Every line that holds the word "Pink" needs to be copied from the data below.

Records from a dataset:
━━━

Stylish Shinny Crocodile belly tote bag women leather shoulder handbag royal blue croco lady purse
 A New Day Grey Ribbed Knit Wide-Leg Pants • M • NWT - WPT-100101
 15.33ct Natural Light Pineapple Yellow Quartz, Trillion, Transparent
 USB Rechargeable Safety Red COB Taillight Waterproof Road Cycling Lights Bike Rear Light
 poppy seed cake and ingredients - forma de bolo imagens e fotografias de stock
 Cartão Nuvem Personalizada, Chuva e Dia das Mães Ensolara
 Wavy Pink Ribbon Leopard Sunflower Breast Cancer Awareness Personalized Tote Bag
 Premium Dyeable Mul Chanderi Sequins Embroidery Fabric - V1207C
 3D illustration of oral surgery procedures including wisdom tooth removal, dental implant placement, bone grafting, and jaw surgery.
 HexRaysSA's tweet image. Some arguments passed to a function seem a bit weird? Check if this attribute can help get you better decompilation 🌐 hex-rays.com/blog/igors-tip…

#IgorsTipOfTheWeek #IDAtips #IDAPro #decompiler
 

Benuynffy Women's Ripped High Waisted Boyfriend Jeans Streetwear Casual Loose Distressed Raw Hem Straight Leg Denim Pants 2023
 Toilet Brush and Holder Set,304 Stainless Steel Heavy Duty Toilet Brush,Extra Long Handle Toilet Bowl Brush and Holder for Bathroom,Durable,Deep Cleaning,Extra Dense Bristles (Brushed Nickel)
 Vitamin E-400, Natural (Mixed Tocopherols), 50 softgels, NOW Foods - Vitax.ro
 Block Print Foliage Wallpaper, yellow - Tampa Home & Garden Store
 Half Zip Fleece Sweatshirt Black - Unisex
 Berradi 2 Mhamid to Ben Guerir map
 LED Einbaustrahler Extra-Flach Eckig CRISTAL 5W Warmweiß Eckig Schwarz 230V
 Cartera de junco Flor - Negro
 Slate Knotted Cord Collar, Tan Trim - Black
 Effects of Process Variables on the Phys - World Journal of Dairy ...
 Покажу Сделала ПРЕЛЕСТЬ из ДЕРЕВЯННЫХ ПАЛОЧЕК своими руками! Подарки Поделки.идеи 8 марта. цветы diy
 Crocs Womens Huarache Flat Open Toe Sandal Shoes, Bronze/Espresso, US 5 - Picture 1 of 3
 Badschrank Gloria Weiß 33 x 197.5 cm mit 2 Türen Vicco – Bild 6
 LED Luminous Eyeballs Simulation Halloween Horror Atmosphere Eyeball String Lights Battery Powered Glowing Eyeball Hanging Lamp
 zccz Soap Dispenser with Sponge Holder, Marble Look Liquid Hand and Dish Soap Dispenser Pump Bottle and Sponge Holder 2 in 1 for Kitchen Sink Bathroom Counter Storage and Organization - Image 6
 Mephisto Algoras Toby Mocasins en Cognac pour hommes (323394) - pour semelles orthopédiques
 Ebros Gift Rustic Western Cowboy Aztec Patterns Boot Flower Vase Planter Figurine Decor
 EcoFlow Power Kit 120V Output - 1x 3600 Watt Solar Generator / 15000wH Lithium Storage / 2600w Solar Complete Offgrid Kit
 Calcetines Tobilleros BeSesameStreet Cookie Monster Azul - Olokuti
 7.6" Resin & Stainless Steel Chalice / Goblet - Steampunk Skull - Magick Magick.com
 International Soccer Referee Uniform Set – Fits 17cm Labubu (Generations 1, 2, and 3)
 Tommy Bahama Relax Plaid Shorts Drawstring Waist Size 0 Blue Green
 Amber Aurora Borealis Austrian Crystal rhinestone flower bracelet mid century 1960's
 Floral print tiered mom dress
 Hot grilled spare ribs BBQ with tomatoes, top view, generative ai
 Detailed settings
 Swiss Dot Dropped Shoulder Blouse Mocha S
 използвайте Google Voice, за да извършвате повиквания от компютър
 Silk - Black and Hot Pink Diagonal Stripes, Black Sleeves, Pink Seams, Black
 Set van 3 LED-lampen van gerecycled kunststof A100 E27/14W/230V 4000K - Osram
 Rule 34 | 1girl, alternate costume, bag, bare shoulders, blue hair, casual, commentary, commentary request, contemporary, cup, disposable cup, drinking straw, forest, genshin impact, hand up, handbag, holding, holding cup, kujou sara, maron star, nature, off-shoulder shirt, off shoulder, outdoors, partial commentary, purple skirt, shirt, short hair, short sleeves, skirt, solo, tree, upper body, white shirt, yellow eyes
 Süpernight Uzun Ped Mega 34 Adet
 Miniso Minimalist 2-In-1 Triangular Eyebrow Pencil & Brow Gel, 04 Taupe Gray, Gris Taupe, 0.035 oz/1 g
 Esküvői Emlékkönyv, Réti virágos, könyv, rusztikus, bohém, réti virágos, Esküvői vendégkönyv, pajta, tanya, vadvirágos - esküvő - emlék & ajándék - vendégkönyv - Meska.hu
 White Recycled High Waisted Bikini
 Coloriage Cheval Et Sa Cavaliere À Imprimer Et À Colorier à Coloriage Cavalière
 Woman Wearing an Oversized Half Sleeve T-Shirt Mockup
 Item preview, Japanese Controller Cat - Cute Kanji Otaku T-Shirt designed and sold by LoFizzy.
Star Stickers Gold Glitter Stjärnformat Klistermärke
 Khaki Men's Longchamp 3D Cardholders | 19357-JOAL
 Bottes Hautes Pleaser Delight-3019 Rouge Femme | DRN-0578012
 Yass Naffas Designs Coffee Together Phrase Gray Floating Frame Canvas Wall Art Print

━━━

§ WRITTEN SOLUTION:
 Wavy Pink Ribbon Leopard Sunflower Breast Cancer Awareness Personalized Tote Bag
 Silk - Black and Hot Pink Diagonal Stripes, Black Sleeves, Pink Seams, Black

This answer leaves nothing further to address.